I don't share the politics of the founders of Chick-fil-A, but why shouldn't they continue speak out as they see fit, in elections as well as in smaller matters?

Posted by: love Chick-fil-A | Jan 10, 2011 10:27:22 AM

Thank you for pointing out the campaign focus of Citizens United, as opposed to the "corporations aren't people" mantra that became popular. I kept hearing otherwise-intelligent people repeating that, and I asked them all the same thing: If you are serious about a per se rule against corporate First Amendment rights, how would you object to federal censorship of books, TV, and movies? If Doubleday, CBS, and Miramax have no rights at all, make them submit their scripts to the government. The natural people behind the books can be free to self-publish without going through any corporate entity.

Silly, stupid, etc. But I was amazed how many bright people refused to answer, sputtered about Citizens United again, and walked away. Sad.
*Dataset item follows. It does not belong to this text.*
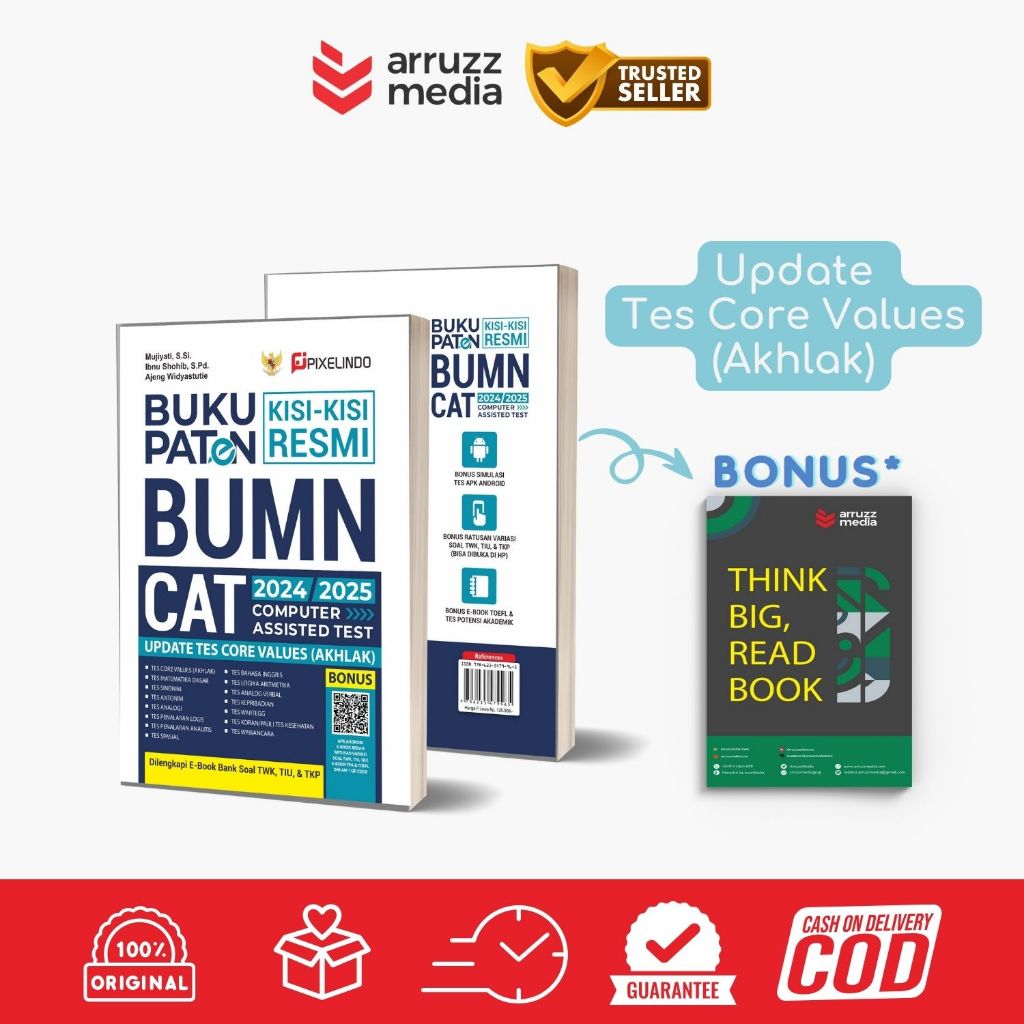 Jual Buku Paten Kisi-Kisi Resmi Tes BUMN 2024/2025 - Update Core Value ...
Posted by: joe reader | Jan 10, 2011 4:26:06 PM

Howard, I am not understanding the link between your example and your thesis. Your thesis may be correct, or not, and that is not my point. No one is arguing that Chick-fil-A is drowning out other voices because, as a single corporation spending what appears to be a fairly limited sum of money, it is not drowning out other voices. The fear in Citizen's United is not that one corporation would be able to produce one ad against Hillary Clinton, per se. It is that the decision establishes a much more general principle that applies to all corporations. There is an enormous difference in scale.

Posted by: TJ | Jan 11, 2011 2:33:50 AM

But presumably lots of corporations are doing what Chick-fil-A is doing (either as to this issue or as to lots of different issues) and no one objects on the various anti-corporate-speech grounds. And no one objects to Chick-fil-A by saying this will open the door to other corporations doing the same. Corporate speech is accepted in this context, on par with speech by individuals.

Posted by: Howard Wasserman | Jan 11, 2011 7:11:12 AM

This is a great post. My own favorite example of this phenomenon is Flynt v. Falwell --- almost everyone has a strong instinct that Hustler ought to win, but people rarely confront the tension between that outcome, and the sort of glib "corporations don't have rights" theory of the constitution.

(Note that Hustler Magazine, Inc., was a named defendant in the suit.)